Prudential ICICI Tax Plan has been able to justify its heavy concentration in small and mid cap stocks with good returns.
A high-return, high-risk option, it may not go down well with investors who are looking for stability over flashy returns. Its concentration in small- and mid-cap stocks is a testimony to this fact.
Mid- and small-caps occupy 41.37 and 47.61 per cent space in its portfolio, respectively. Large cap companies have a small presence at 4.77 per cent. In September, large caps had a marginal presence at 1.17 per cent, while the concentration of mid caps was over 50 per cent.

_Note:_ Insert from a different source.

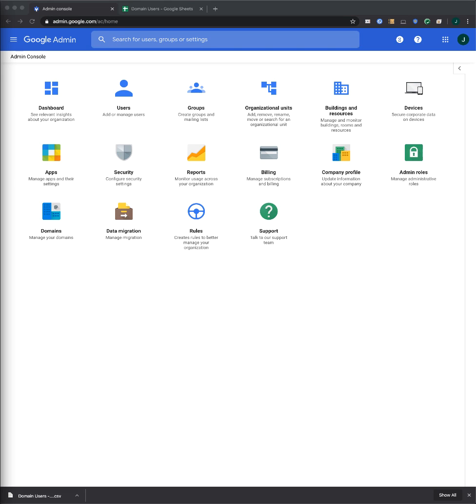In this video, we'll create our users. Before you can do this step, you first need to be approved for G Suite for Education.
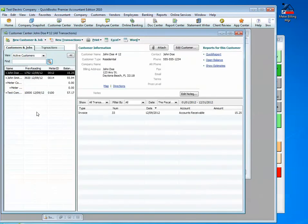In QuickBooks, besides the invoice, you can see that the previous reading has now been updated and getting ready for the next month.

The fund is no doubt aggressive but it has been able to justify its strategy through good returns. The fund is not only aggressive in selecting stocks but also churns its portfolio vociferously.
The fund manager loves to try out stocks but the buy-and-hold strategy does not seem to be his priority. The fund's quarterly returns for September stood at 23 per cent, much more than category average of 15 per cent.
However, it paid the price for being too aggressive. After the May crash, the fund had lost heavily. In the June quarter, it had lost 15.75 per cent, slightly more than the category's loss of 15.35 per cent.
However, it recovered in the September quarter and generated 23.35 per cent during the period.
Healthcare sector remains the top holding of the fund followed by FMCG, diversified and chemicals. The technology sector occupies a paltry 3.25 per cent allocation.